◆ **REQUIRED ACTION**: When you write out the listing, keep every word as it stands and drop the pictures.

─── DATA EXTRACT ───

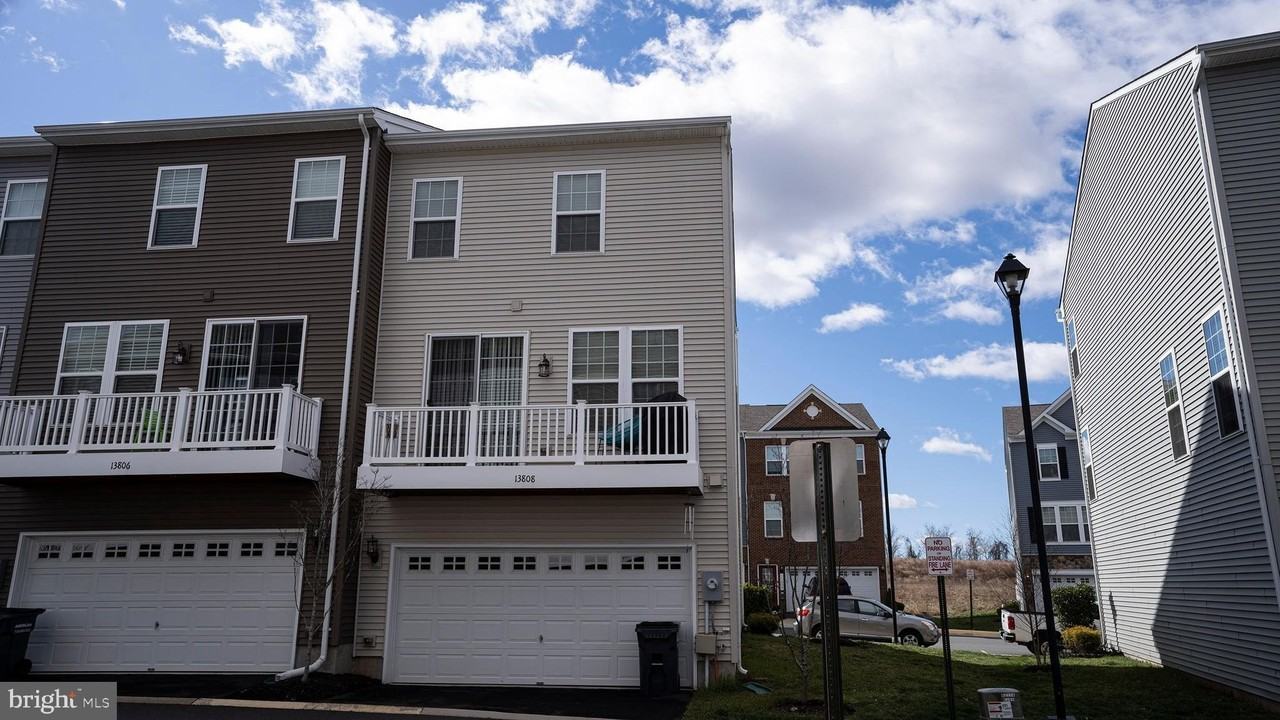 13808 Litespeed Way - Photo 3 of 3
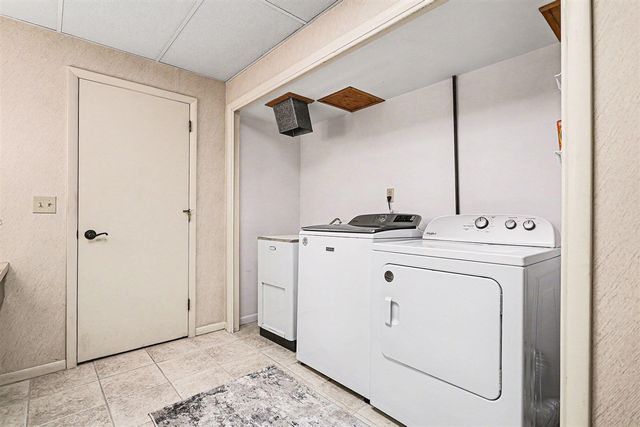 1134 S Lakeside Drive, Battle Creek, MI 49015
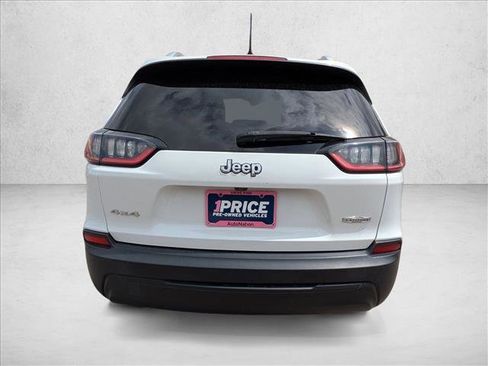 Used 2019 Jeep Cherokee Latitude w/ Popular Appearance Group AWD/4WD image 6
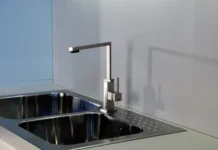 Minimo: grifo minimalista para la cocina Minimo grifo cocina de Gessi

───

◆ **TASK SOLUTION**:
 13808 Litespeed Way - Photo 3 of 3
 1134 S Lakeside Drive, Battle Creek, MI 49015
 Used 2019 Jeep Cherokee Latitude w/ Popular Appearance Group AWD/4WD image 6
 Minimo: grifo minimalista para la cocina Minimo grifo cocina de Gessi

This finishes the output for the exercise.